Documentation
#Architecture
The main components are:
- scollector: An agent that provides data collection
- A binary that gathers Linux and Windows data locally from the system (no external libraries needed)
- Has built-in collectors
- Can data poll network devices via SNMP and VSphere
- Can run external scripts
- Queues data when Bosun can’t be reached
- Sends data to bosun via compressed JSON to a REST API
- bosun: Data collection and relaying, alerting, and graphing
- Has an expression language for creating alerts from time-series data queried from OpenTSDB
- Exposes the Go template language for users to craft alert notifications
- Has notification escalation
- Relays data to OpenTSDB
- Collects Metadata (String information about things like hosts (i.e. IP Address, Serial Numbers)) and information about metrics: Description, Gauge vs Counter, and the metrics’s measurement unit. Currently stored locally on the server as a state file
- Text Configuration that can be version controlled: support macros, lookup tables, alert configuration, notifications, and notification templates
- Web Interface:
- Has an alert dashboard: Currently Triggered Alerts, Acknowledgments etc. Can also view alert history
- Has a Graphing interface
- Has a page for running expressions
- Has a page for silencing alerts
- Has a page for testing alerts over history and previewing notifications
- Host views for basic host information such as CPU, Memory, Network throughput, and Disk Space
- Page to validate configuration
Diagram
Alerts
Each alert definition has the potential to turn into multiple alert instances (“alerts”). Alerts are uniquely identified by the alert name and the OpenTSDB tagset (which we also call the group). Every possible group in your top level expression is evaluated independently. As an example, with an expression like avg(q("avg:rate{counter,,1}:os.cpu{host=*}", "5m", ""))
you can get an alert for every tag-value of the “host” tag-key that has sent data for the os.cpu metric. In this way bosun integrates fairly tightly with OpenTSDB, however there are ways to change alert groups in expressions (in particular, by using the t() (transpose) function).
Severity States
Alerts can be in one of the following severity levels (From Highest to Lowest):
- Unknown: When a warn or crit expression can not be evaluated because data is missing. When you define an alert bosun tracks each instance (aka group) for each expression used in the expression. If one of these is no longer present, that instance goes into an unknown state. Since bosun has data pushed to it, unknown can mean that either data collection has failed, or that the source is down. Unknown triggers when there is no data in a query + the check frequency. This means that if a query spans an hour, it will be one hour + the check frequency before it triggers.

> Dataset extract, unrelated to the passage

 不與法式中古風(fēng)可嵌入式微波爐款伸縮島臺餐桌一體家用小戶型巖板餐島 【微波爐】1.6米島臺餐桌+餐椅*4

- Error: There is some sort of bosun internal error such as divide by zero or “response too large” with the alert.
- Critical: The expression that
crit
is equal to in the alert definition is non-zero (true). It is recommend that “Critical” be thought of as “has failed”.
- Warning: The expression that
warn
is equal to in the alert definition is non-zero (true) and critical is not true. It is recommended that warning be thought of ha “could lead to failure”.
- Normal: No problems.
Additional States
- Active: The alert is currently in the severity state that triggered it. This is indicated by an exclamation on the dashboard: .
- Silenced: Someone has created a silence rule that stops this alert from triggering any notification. It will also automatically close when the alert is no longer active. This is indicated by a speaker with an X icon on the dashboard: .
- Acknowledged: Someone has acknowledged the alert, the reason and person should be available via the web interface. Acknowledged alerts stop sending notifications as long as the severity doesn’t increase.
- Unacknowledged: Nobody has acknowledged the alert yet at its current severity level.
Dashboard
Indicators
Colors
- Blue: The alert was/is unknown when triggered
- Red: The alert was/is critical or error when triggered
- Yellow: The alert was/is warning when triggered
Icons
- An Exclamation means the alert is currently triggered (active). Alerts don’t disappear from the dashboard when they are no longer active until they are closed. This is to ensure that all alerts get handled - which reduces alert noise and fatigue.
- A silence icon means the alert has been silenced. Silenced alerts don’t send notifications, and automatically close when no longer active.
Actions
- Acknowledge: Prevent further notifications unless there is a state increase. This also moves it to the acknowledged section of the dashboard. When you acknowledge something you enter a name and a reason. So this means that the person has committed to fixing the problem or the alert.
- Close: Make it disappear from the dashboard. This should be used when an alert is handled. Active alerts can not be closed (since all that will happen is that will reappear on the the dashboard after the next schedule run).
- Forget: Make bosun forget about this instance of the alert. This is used on active unknown alerts. It is useful when something is not coming back (i.e. you have decommissioned a host). This act is non-destructive because if that data gets sent to bosun again everything will come back.
- History: View a timeline of history for the selected alert instances.
Test Config
The test configuration page shows the configuration that bosun started with. You can edit or paste a changed config to make sure there are no syntax errors before committing it and restarting bosun. Currently you have to handle your own configuration management, but in the future we may attempt to integrate this with git.